Type out the whole listing again exactly, pictures omitted.

______

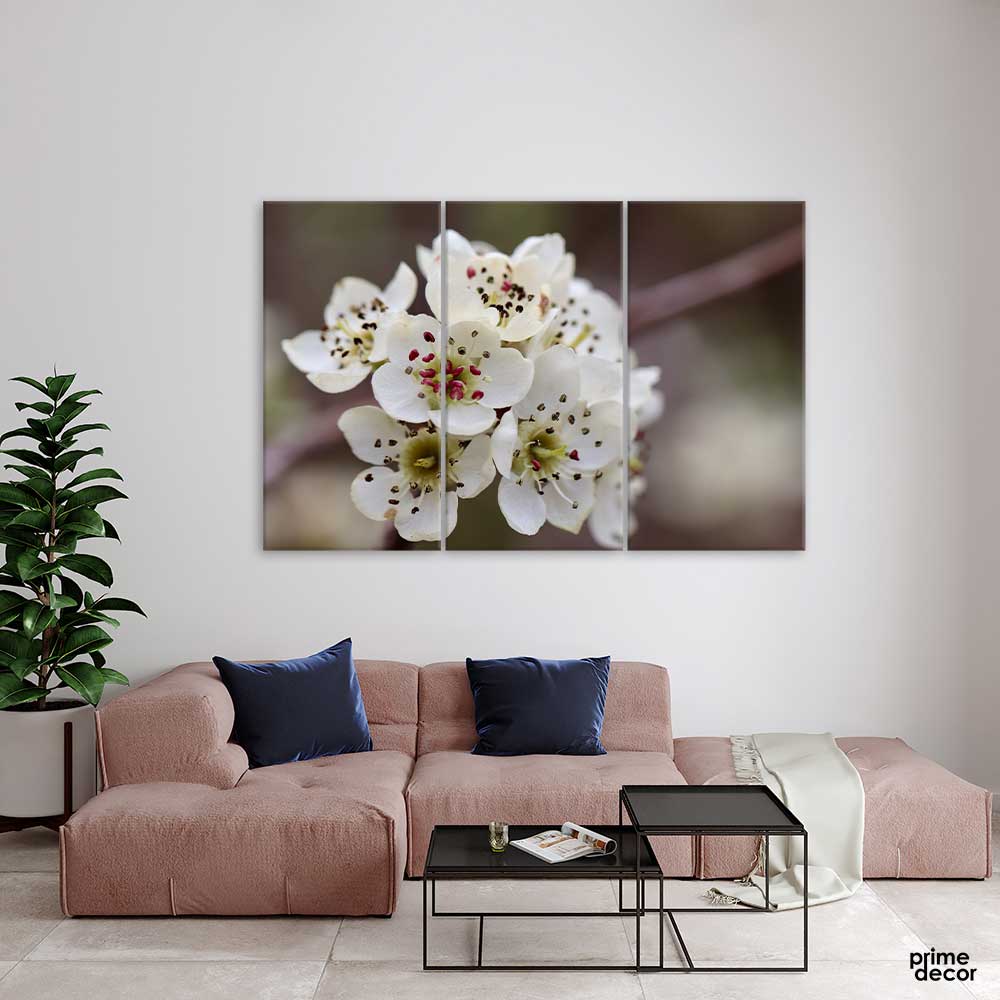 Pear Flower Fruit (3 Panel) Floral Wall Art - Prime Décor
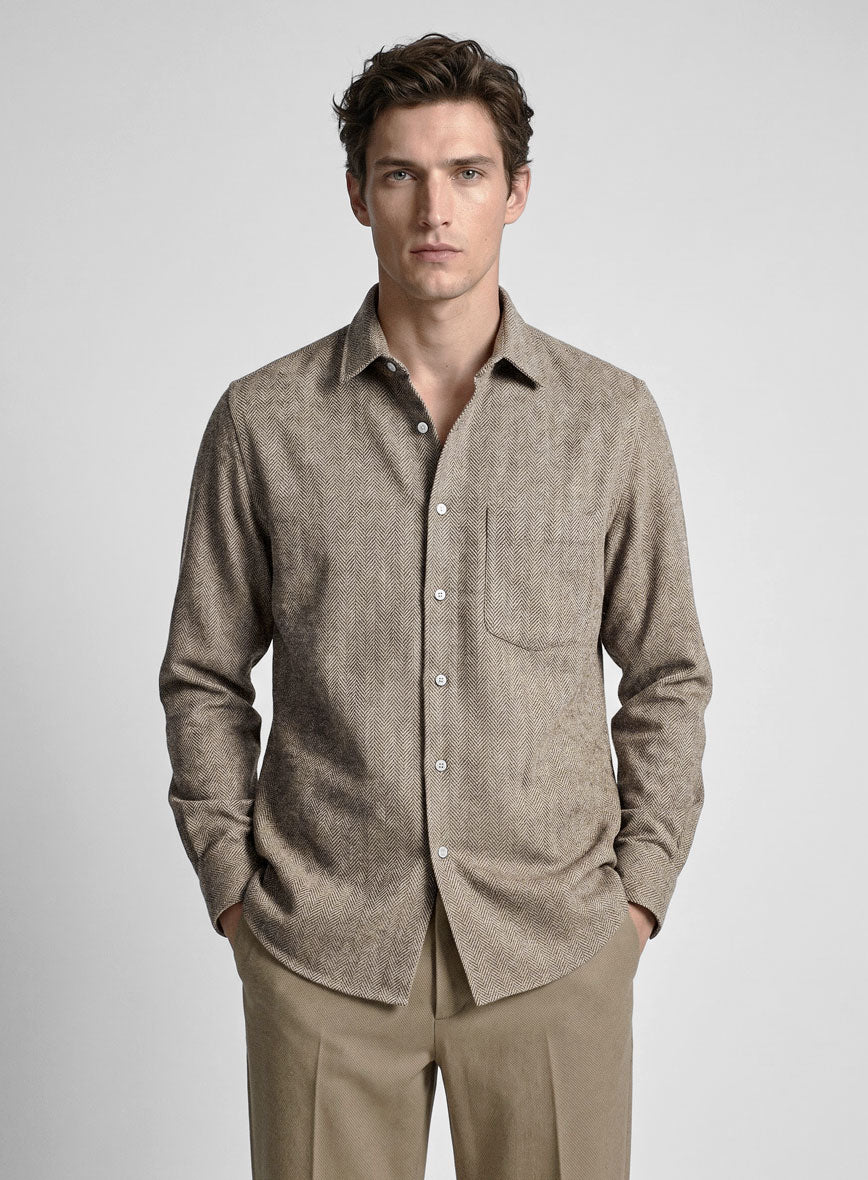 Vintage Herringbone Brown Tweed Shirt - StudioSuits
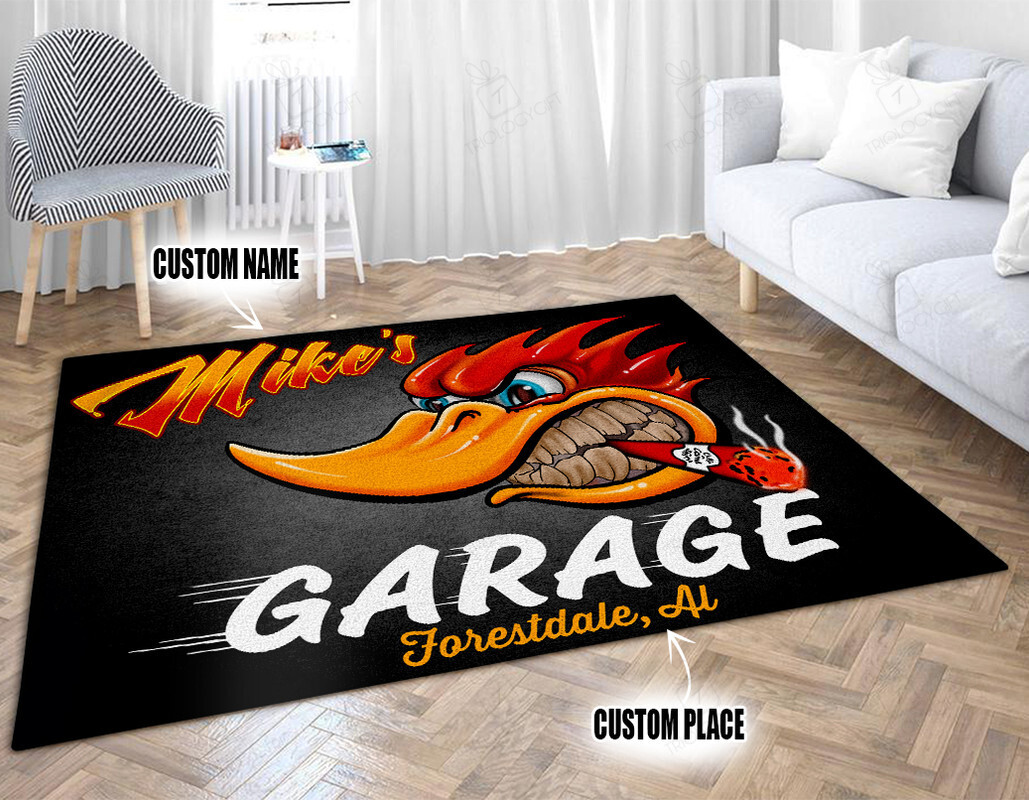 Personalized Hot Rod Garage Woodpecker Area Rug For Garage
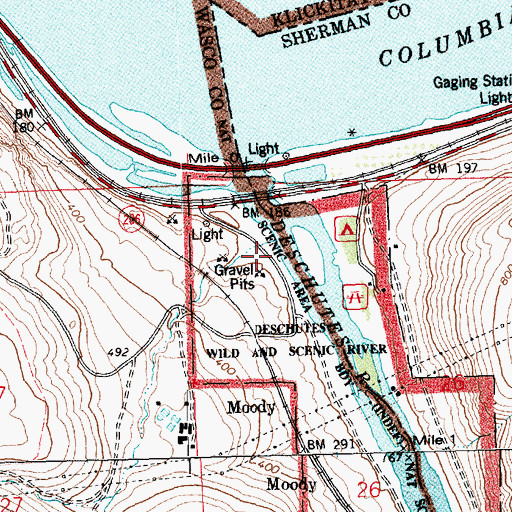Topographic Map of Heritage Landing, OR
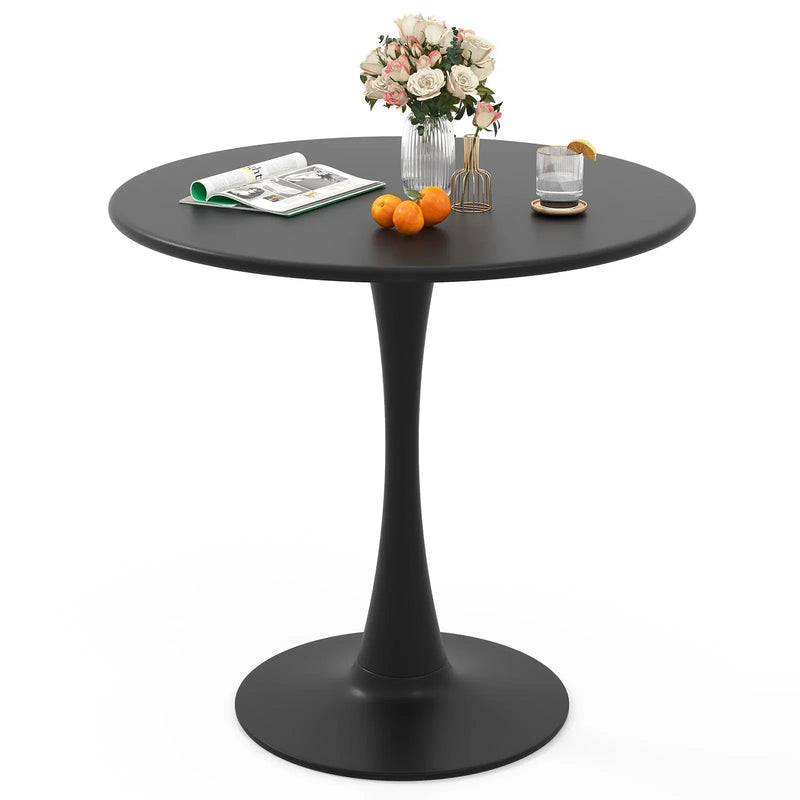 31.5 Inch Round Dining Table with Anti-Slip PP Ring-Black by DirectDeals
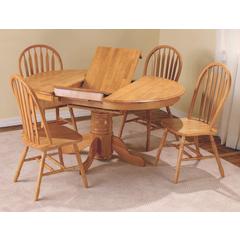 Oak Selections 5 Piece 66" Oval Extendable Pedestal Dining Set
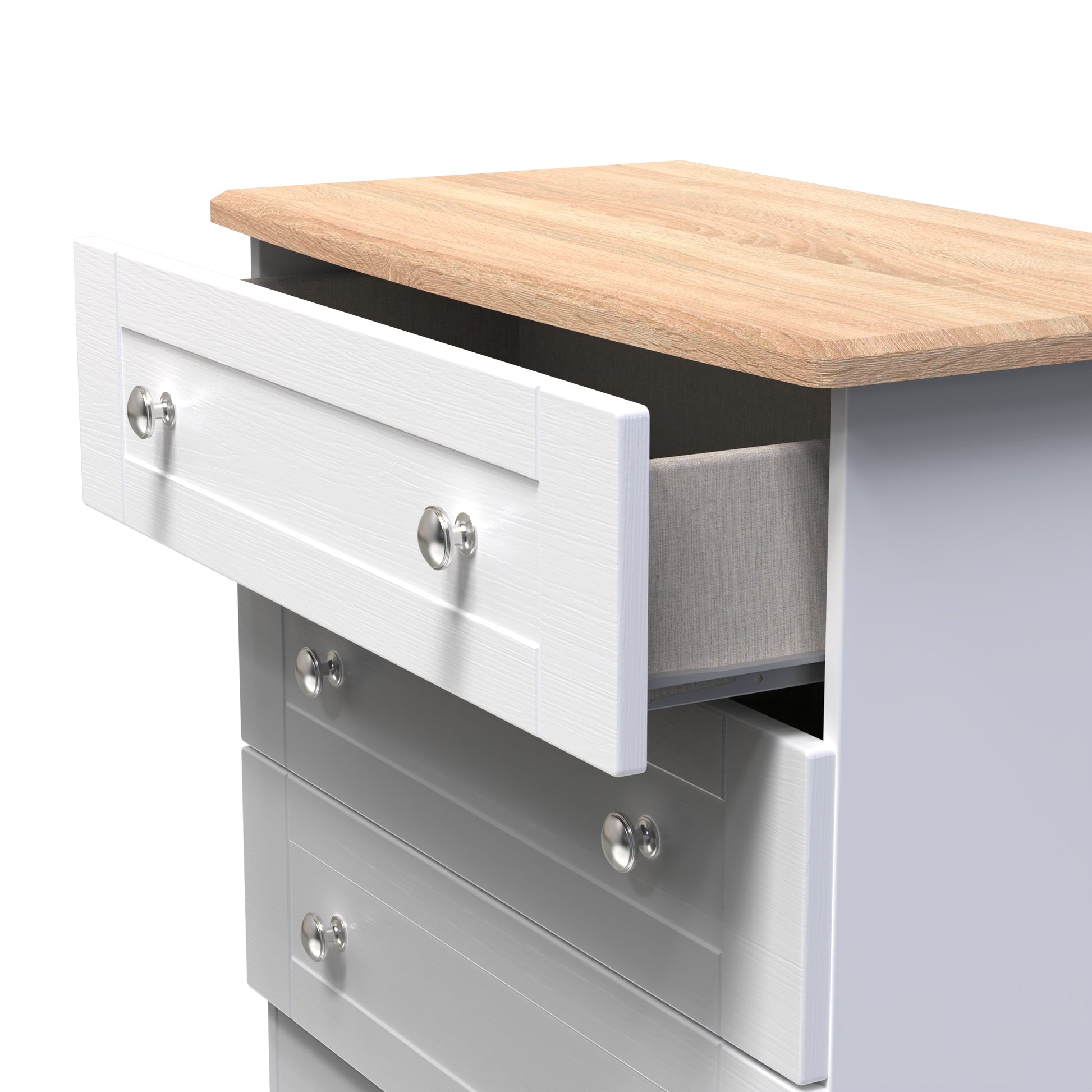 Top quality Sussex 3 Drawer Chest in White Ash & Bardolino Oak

______

* Reply to the exercise
 Pear Flower Fruit (3 Panel) Floral Wall Art - Prime Décor
 Vintage Herringbone Brown Tweed Shirt - StudioSuits
 Personalized Hot Rod Garage Woodpecker Area Rug For Garage
Topographic Map of Heritage Landing, OR
 31.5 Inch Round Dining Table with Anti-Slip PP Ring-Black by DirectDeals
 Oak Selections 5 Piece 66" Oval Extendable Pedestal Dining Set
 Top quality Sussex 3 Drawer Chest in White Ash & Bardolino Oak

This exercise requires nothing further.